A tour de rôle sur le podium d'une salle de Jérusalem, les 10 concurrentes sélectionnées par Yad Ezer racontent brièvement leur histoire. Certaines ne veulent pas lâcher le micro, quelques-unes ont la voix éteinte par l'émotion.
Comme dans un concours de beauté ordinaire, les candidates appellent à "la paix dans le monde". Mais la mélodie de "Dancing queen" d'Abba, l'écran géant, le jury composé de mannequins et de femmes d'affaires israéliennes aux robes d'un luxe tapageur, n'éclipsent jamais l'omniprésente Shoah.
Diadème sur la tête, on parle des pogroms, de camps de travail, de la famine et de Josef Mengele, médecin nazi d'Auschwitz surnommé l'"ange de la mort" pour ses expérimentations sur les déportés.
Grotesque ou divertissant?
Organisé quelques semaines avant le concours de Miss Univers prévu en décembre à Eilat dans le sud d'Israël, celui des rescapées n'a pas manqué de susciter une controverse dès sa création, certaines organisations considérant que le génocide était un sujet trop sérieux pour être célébré sous les paillettes.
Pour Colette Avital, présidente d'un regroupement d'organisations israéliennes d'aide aux rescapés, les femmes qui participent au concours ont subi de telles souffrances, "inscrites dans leur chair", qu'"on ne peut pas (leur) faire (faire) des concours de beauté".
"C'est ridicule, c'est grotesque et c'est un manque de respect envers elles", estime-t-elle auprès de l'AFP.
Arrivée à la deuxième place, Marcelle Epstein, 80 ans, rejette les critiques et dit avoir du "plaisir à voir des vieilles qui se font plaisir".
Placée dans un orphelinat du sud de la France pendant la guerre, cette pétulante Marseillaise arrivée en 1948 en Israël s'estime chanceuse d'avoir échappé aux nazis.
"Moi j'ai pas passé (de temps) comme les gens dans les camps", confessait la coquette et dynamique octogénaire quelques jours avant la compétition dans son appartement de Tel-Aviv.

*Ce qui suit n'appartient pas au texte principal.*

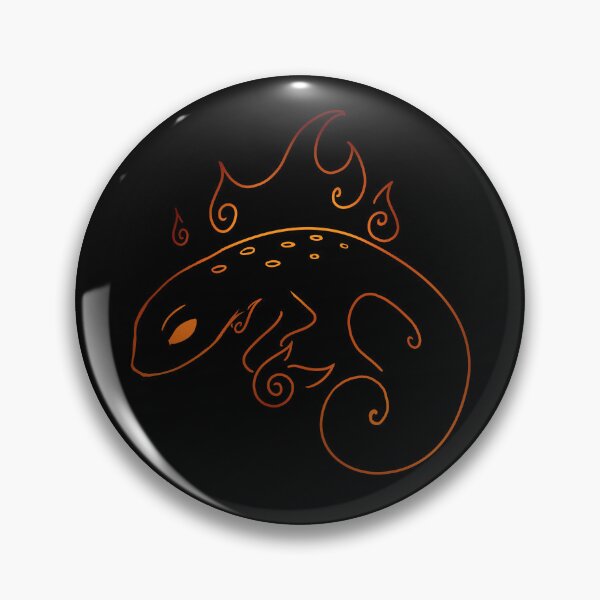 Artikelvorschau, Salamander-Symbol entworfen und verkauft von ForeverFoxxy.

De cette période, elle garde surtout des souvenirs de l'après-guerre, lorsqu'elle a retrouvé à la sortie de l'orphelinat des parents qu'elle ne reconnaissait pas et dont elle "ne voulait pas".
"Mais encore maintenant quand j'entends parler de la Shoah ça me fait mal", glissait-elle.

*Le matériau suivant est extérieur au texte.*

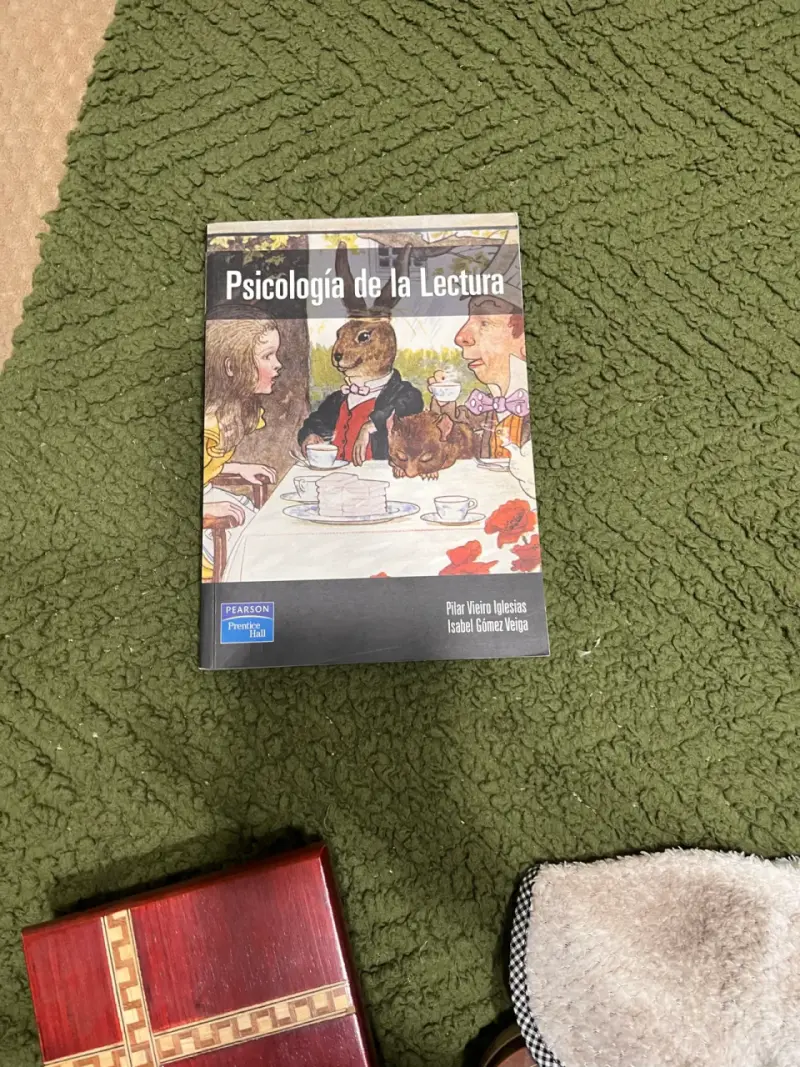 Libro Psicología de la Lectura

Heureuse d'avoir été choisie première dauphine de Miss Shoah, elle estime que le concours, au-delà de la simple beauté des octogénaires, devrait toujours primer la candidate la plus âgée.
"Donnez-lui le sentiment qu'elle est une reine", lance-t-elle dans un français teinté d'un accent d'hébreu: "Combien de temps peut-elle vivre encore?"